If you don't have bacon grease, lard can be substituted.

That's my story and I'm sticking to it.


----------



## vyapti (Jan 16, 2009)

Incidentally, coconut oil makes a great substitute for lard.  I made tamales with it recently and they turned out well ... especially for my first time.


----------



## nappi (Jan 23, 2009)

Katie E said:


> I make our refried beans.  I cook my pinto beans with onions, garlic, bay leaf, and serrano chiles.  Cover them with water and cook until the beans begin to wrinkle, then I add some bacon grease and cook until the beans are soft and stir in salt to my liking and the beans are barely moist.  Then I heat some more bacon grease in a skillet and saute some onions and garlic until tender.  Once the onion and garlic are done, I add one large tomato, seeded, and chopped.
> 
> To incorporate the the onion-garlic-tomato mixture to the beans, I scoop a spoonful of the beans into the mixture and mash everything to a paste.  Then I add that back to the beans and stir until well mixed.
> 
> ...



i tried to make some the other day to go w/ my nachos 
but they taste good

 ill have to try this recipie


----------



## Lefty7887 (Jan 23, 2009)

I was watching Viva Daisy a new Latin cooking show on food network and last week she made these that looked great and were on the healthy side.

New Style Refried Beans (Frijoles Refritos Estilo Nuevo) Recipe : Daisy Martinez : Food Network

I have not made these but will in the future.


----------



## Leolady (Jan 23, 2009)

Katie E said:


> I make our refried beans.
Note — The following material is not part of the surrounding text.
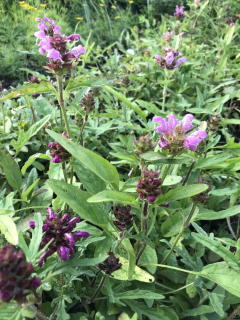 Prunella grandiflora BELLA ROSE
I cook my pinto beans with onions, garlic, bay leaf, and serrano chiles. Cover them with water and cook until the beans begin to wrinkle, then I add some bacon grease and cook until the beans are soft and stir in salt to my liking and the beans are barely moist. Then I heat some more bacon grease in a skillet and saute some onions and garlic until tender. Once the onion and garlic are done, I add one large tomato, seeded, and chopped.
> 
> To incorporate the the onion-garlic-tomato mixture to the beans, I scoop a spoonful of the beans into the mixture and mash everything to a paste. Then I add that back to the beans and stir until well mixed.
> 
> ...


 
Did you work at the same Mexican restaurant I did?


----------



## Katie H (Jan 23, 2009)

Nope.  Never worked in a restaurant.


----------



## vyapti (Jan 23, 2009)

OK, I made them the same way:  beans, onions, garlic, cilantro, jalapeno, lime  and cumin.  This time I added a beer to the cooking water (and added a couple to the cook) and it made all the difference.  The flavors accented the beans, but were still mild.  A pound lasted two days.  I think I'll make more this weekend.


----------



## Chef Munky (Jan 24, 2009)

I make 1 crock pot of refries every week.It's great to have ready ahead of time,very versatile for many recipes.And side dishes.

I'll start a pot in the late afternoon on the lowest setting.Covered.By morning it's then ready to be finished up,with seasonings and such.

I use a large crock pot to cook them in.The 6 qt Rival.

4 cups Pinto Beans..Washed thoroughly

Add them to the crock.Pour water just past the top of the beans.They will expand as they soak.More water will be needed as they cook.

I keep a pitcher at room temp handy.That helps maintain the crock temp.It won't take as long to bring it back up to the set temperature.

I personally don't add any salt or any other ingredients to the beans during the cooking time.Only after wards.Salt added before the beans are tender will keep the beans hard.

After the beans are fully cooked. Ladle a few spoonfuls into a blender,add just a little of the water from the pot about1/2 cup,per batch. I add about 5 ladles of beans per pitcher.Blend or puree until they are the consistency that you prefer.Add them to a large bowl.Set aside.Then do it again for the next batch.It will take about 4 batches per crock.Don't hold me to that 

On the last batch,from the crock.Drain off the remainder of the water.Reserve 1 cup.Add the pureed beans from the bowl,back to the crock.Set it on low.Stir thoroughly.
I then add all the spices,Chili Powder.Cumin,Salt,Pepper,etc.Warm it all up.

I used to make them the hard way.Watch the stove all day,mash by hand,season to taste.Glad I wised up and found a simple way to make my own.It gets done now 

Good luck.

Munky.


1 large crock pot.

4 cups Pinto Beans

Water.

Blender

Bowl

Imagination


----------